Se recitiamo i primi due versi della Divina Commedia, quelli che proprio tutti sanno a memoria, e ci viene da fare un’impercettibile pausa a metà del secondo: Nel mezzo del cammin di nostra vita / mi ritrovai … potremmo accorgerci che lì, sotto il primo senso che le parole immediatamente seguenti chiariscono in modo apparentemente semplice (mi ritrovai per una selva oscura / che la diritta via era smarrita) ce n’è nascosto un altro, decisivo, che è la chiave dell’intera opera, la sua ragion d’essere, forse il senso della vita di Dante, la sua missione nel mondo.
«Mi ritrovai»: la stessa locuzione verbale che adoperiamo per descrivere l’inavvertenza (colpevole) in cui tanto spesso (o normalmente?) si svolgono le nostre vite – per cui ci accorgiamo con sorpresa di pieghe non volute che hanno preso, situazioni incongrue in cui “siamo capitati”, fisionomie che “ci ritroviamo addosso” senza che ce ne rendessimo conto (“sono io, questo?”) – dice anche un’altra cosa, la possibilità di “ritrovare se stessi”. In termini cristiani: salvare la propria vita.
Non ci avevo mai fatto caso, ma Dante, ancor prima di enunciarlo programmaticamente (ma per trattar del ben ch’i’ vi trovai / dirò de l’altre cose ch’i’ v’ho scorte) dopo aver detto le parole paura e morte – cioè quelle che più determinano la vita di tutti, nel mondo senza Cristo – ce lo suggerisce, in modo subliminale, appena apre bocca.

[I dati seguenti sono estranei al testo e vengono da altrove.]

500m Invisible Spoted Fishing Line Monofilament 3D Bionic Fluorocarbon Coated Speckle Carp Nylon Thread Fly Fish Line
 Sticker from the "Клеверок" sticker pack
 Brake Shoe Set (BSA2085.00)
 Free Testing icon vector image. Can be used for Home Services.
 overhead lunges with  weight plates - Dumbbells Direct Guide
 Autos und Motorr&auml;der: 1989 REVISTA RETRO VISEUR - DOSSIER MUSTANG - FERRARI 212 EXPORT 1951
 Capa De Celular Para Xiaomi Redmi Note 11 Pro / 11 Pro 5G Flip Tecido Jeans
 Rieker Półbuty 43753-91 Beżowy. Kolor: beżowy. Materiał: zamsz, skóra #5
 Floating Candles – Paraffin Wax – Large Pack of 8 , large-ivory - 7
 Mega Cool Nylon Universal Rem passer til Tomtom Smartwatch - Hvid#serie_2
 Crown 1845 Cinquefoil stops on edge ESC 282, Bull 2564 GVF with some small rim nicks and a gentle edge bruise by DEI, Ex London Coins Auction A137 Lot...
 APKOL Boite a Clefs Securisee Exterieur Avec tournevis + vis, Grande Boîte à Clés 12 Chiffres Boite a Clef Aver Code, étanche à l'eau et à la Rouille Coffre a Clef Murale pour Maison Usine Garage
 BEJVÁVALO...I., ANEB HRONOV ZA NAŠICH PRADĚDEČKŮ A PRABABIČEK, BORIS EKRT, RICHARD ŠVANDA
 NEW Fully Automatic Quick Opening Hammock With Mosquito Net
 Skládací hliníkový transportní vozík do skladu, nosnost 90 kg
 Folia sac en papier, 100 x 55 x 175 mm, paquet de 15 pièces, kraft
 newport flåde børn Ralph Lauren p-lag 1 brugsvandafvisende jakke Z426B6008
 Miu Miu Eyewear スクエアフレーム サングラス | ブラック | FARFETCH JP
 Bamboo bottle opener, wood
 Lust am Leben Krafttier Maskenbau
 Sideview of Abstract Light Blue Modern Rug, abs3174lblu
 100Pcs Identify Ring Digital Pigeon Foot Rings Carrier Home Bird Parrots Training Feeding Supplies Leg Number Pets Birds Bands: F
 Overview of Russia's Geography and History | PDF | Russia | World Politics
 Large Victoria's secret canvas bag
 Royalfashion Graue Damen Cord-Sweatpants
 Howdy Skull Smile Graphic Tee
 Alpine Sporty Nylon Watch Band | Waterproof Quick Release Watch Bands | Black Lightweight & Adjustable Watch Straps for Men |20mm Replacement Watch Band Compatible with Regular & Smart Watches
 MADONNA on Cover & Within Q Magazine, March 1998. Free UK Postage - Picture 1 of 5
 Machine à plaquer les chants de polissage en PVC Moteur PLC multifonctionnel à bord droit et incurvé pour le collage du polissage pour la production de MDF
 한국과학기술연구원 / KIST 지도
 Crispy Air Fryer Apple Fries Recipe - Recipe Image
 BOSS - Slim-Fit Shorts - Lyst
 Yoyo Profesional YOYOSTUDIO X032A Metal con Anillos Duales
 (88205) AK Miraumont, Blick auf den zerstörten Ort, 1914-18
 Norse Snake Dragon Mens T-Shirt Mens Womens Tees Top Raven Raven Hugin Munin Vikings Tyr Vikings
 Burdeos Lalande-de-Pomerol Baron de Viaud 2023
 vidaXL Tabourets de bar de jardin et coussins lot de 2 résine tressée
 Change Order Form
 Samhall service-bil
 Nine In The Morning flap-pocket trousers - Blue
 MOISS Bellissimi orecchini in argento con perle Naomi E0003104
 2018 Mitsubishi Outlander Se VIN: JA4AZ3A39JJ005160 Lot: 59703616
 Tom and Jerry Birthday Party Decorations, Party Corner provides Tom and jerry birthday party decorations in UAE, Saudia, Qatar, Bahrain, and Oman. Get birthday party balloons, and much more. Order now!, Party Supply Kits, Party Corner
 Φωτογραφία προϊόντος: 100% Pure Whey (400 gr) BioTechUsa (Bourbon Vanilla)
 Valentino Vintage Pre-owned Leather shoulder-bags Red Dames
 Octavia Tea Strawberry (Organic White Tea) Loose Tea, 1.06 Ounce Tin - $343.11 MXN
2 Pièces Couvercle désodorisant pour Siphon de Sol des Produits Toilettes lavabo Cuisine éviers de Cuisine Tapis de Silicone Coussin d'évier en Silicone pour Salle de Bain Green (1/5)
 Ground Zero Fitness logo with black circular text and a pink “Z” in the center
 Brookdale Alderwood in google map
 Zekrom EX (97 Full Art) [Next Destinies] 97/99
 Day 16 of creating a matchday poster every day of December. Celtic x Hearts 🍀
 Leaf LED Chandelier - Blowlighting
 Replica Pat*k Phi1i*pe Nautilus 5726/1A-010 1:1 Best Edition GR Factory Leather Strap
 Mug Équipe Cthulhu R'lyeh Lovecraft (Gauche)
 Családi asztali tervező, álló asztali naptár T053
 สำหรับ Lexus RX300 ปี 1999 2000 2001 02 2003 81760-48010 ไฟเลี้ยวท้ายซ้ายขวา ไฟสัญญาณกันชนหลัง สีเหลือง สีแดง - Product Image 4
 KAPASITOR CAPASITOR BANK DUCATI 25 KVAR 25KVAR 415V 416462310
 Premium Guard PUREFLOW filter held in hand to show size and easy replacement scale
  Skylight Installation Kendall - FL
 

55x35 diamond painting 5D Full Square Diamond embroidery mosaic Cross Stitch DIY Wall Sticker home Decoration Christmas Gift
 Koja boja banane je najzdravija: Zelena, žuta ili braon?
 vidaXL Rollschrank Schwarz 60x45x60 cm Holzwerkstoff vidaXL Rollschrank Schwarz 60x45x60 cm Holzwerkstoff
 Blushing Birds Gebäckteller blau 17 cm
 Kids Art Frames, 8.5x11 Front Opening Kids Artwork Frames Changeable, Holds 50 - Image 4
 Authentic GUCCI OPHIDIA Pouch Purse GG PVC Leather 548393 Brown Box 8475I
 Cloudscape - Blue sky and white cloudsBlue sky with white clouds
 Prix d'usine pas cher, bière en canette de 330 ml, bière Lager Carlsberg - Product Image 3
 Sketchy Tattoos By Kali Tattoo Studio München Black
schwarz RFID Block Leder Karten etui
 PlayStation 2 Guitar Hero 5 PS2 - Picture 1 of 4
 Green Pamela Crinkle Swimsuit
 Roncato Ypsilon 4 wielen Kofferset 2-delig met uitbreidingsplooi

Come se avesse urgenza di dirla subito, questa cosa: c’è salvezza, niente è perduto.
Ma chi di noi, nell’italiano poveretto che siamo ridotti a parlare (e dunque nella povertà di pensiero che ne consegue), ha chiara la differenza tra perdere e smarrire? La via di Dante (e la nostra) era «smarrita»; «perduta» è la gente dell’inferno, come certifica l’iscrizione sulla porta (per me si va tra la perduta gente).
Ecco, smarriti lo siamo e come. Gente smarrita, una generazione smarrita, un paese smarrito. Pecore senza pastori.
Dante può aiutarci? Penso di sì. Comunque è quello che lui voleva, e vuole. Ha scritto la Commedia per questo, e ha dedicato gli ultimi quindici/venti anni della sua vita solo a questo.
Mancano 817 giorni, cioè circa 116 settimane, al settimo centenario della sua morte. Prima che si metta in moto il circo delle celebrazioni e, spero, senza aver nulla a che fare con la sua logica pomposa ed effimera, mi permetto di fare agli eventuali lettori di questo blog, una “modesta proposta”.
Leggiamo, pensandoci su con calma, riflessivamente, tutta la Divina Commedia. Leggiamola facendo, con passo lento e metodico, un percorso per ritrovarci, come individui e – per la parte infinitesimale che ci compete – anche come paese. Leggiamola per istruirci, per imparare a pensare meglio (e a parlare meglio!). Leggiamola per fare, in modo geniale, il catechismo che nessuno più ci fa. Leggiamola per ritornare italiani, cioè membri di un piccolo popolo a vocazione “cattolica” cioè universale. Se siamo già “italiani di nascita” ne abbiamo il dovere; se siamo almeno italofoni ne abbiamo almeno il privilegio.
Centosedici settimane vuole dire che c’è il tempo di fare un canto alla settimana, con qualche pausa che si renda, strada facendo, necessaria. Lo si può fare individualmente, con il solo (indispensabile) ausilio di una buona edizione commentata. Consiglio, senza riserve e senza incertezze, quella curata da Anna Maria Chiavacci Leonardi, pubblicata da Zanichelli.
Sarebbe però molto più bello e proficuo farlo insieme ad altri, creando così dei piccoli “luoghi di ritrovo”. Non ci vuole poi molto: basta fissare un appuntamento settimanale di due ore (ci vogliono per leggere un canto), a cui essere fedeli senza preoccuparsi di chi c’è o chi non c’è (basta essere in due, al limite). A turno, chi si sente in grado di farlo, guida la lettura dopo essersi preparato, e si cerca insieme di capire. Con molta umiltà, senza protagonismi, senza il narcisismo degli interpreti che devono far vedere di essere più intelligenti di Dante, senza secondi fini. Leggere, semplicemente.
Lezioni di Dante. Sono certo che ci farebbero un gran bene.
Qui, in ogni caso, si proverà a fare qualcosa del genere, in formato ridottissimo. Mi propongo di confezionare, ogni settimana, una “pillola dantesca”, che invogli, canto dopo canto, a quella lettura “terapeutica”.